Change sample rate using torchaudio

Blaze · August 15, 2018, 12:38pm

Is there any way of changing the sample rate using torchaudio, either when loading it or afterwards via a transform, similar to how librosa allows librosa.load('soundfile.mp3',sr=16000)? This is an essential feature to have, as all ML models require a fixed sample rate of audio, but I cannot find it anywhere in the docs.

dhpollack · August 15, 2018, 1:18pm

It’s not possible with the torchaudio library as of now.
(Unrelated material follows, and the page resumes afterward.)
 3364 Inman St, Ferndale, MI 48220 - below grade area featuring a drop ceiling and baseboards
You could preprocess your files with a shell script that uses sox to do this.

#!/bin/bash

TMPDIR=/tmp/sox

for fn in $(find . -name "*.wav"); do
  TMPFILE=$TMPDIR/$(basename $fn)
  sox $fn $TMPFILE rate 16000
  mv $TMPFILE $fn
done

Blaze · August 15, 2018, 1:24pm

Thanks David. Do you think there’s any chance that this feature will be added to torchaudio in a later release? It would be very useful to have.

dhpollack · August 15, 2018, 1:26pm

Maybe, I’ve got some time and have been playing around with the pytorch cpp extensions. I’ll look into how difficult it would be to integrate more of the sox functions into the torchaudio library. But no promises.
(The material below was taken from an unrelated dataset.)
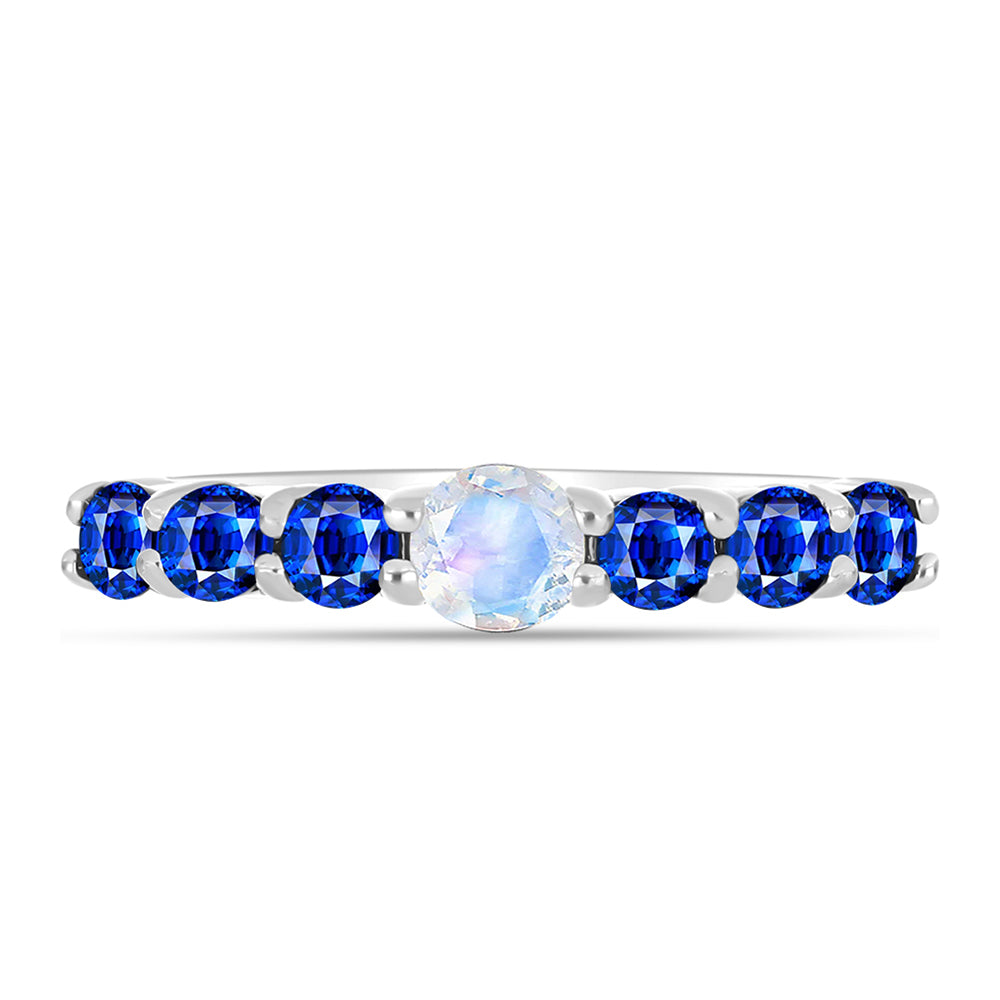 Anillo de Plata con Zafiro Azul Australiano y Piedra Lunar Arco Iris 1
Blaze · August 15, 2018, 2:30pm

Hi David,
I just got round to running your script, but I get the error

sox FAIL formats: can't open output file `/tmp/sox/filename.mp3': No such file or directory
mv: cannot stat '/tmp/sox/filename.mp3': No such file or directory

Any ideas why this is happening?

dhpollack · August 15, 2018, 3:00pm

yes, /tmp/sox doesn’t exist. You need to create it first. Or use a different temporary directory.

Amin_Jun · October 16, 2020, 6:18pm

@Blaze I know there doesn’t exist anything in torchaudio to do that for you, but I needed a back-propagable method for changing the sample_rate. So I’m using this:

import torch.nn as nn
import torch
import torchaudio


class ChangeSampleRate(nn.Module):
    def __init__(self, input_rate: int, output_rate: int):
        super().__init__()
        self.output_rate = output_rate
        self.input_rate = input_rate

    def forward(self, wav: torch.tensor) -> torch.tensor:
        # Only accepts 1-channel waveform input
        wav = wav.view(wav.size(0), -1)
        new_length = wav.size(-1) * self.output_rate // self.input_rate
        indices = (torch.arange(new_length) * (self.input_rate / self.output_rate))
        round_down = wav[:, indices.long()]
        round_up = wav[:, (indices.long() + 1).clamp(max=wav.size(-1) - 1)]
        output = round_down * (1. - indices.fmod(1.)).unsqueeze(0) + round_up * indices.fmod(1.).unsqueeze(0)
        return output


if __name__ == '__main__':
    wav, sr = torchaudio.load('small_stuff/original.wav')
    osr = 22050
    batch = wav.unsqueeze(0).repeat(10, 1, 1)
    csr = ChangeSampleRate(sr, osr)
    out_wavs = csr(wav)
    torchaudio.save('down1.wav', out_wavs[0], osr)

Kenan · August 23, 2022, 5:41pm

I understand this is old, but no one here mentioned resampling,

arr, org_sr = torchaudio.load(x['path'])
arr = torchaudio.functional.resample(arr, orig_freq=org_sr, new_freq=new_sr)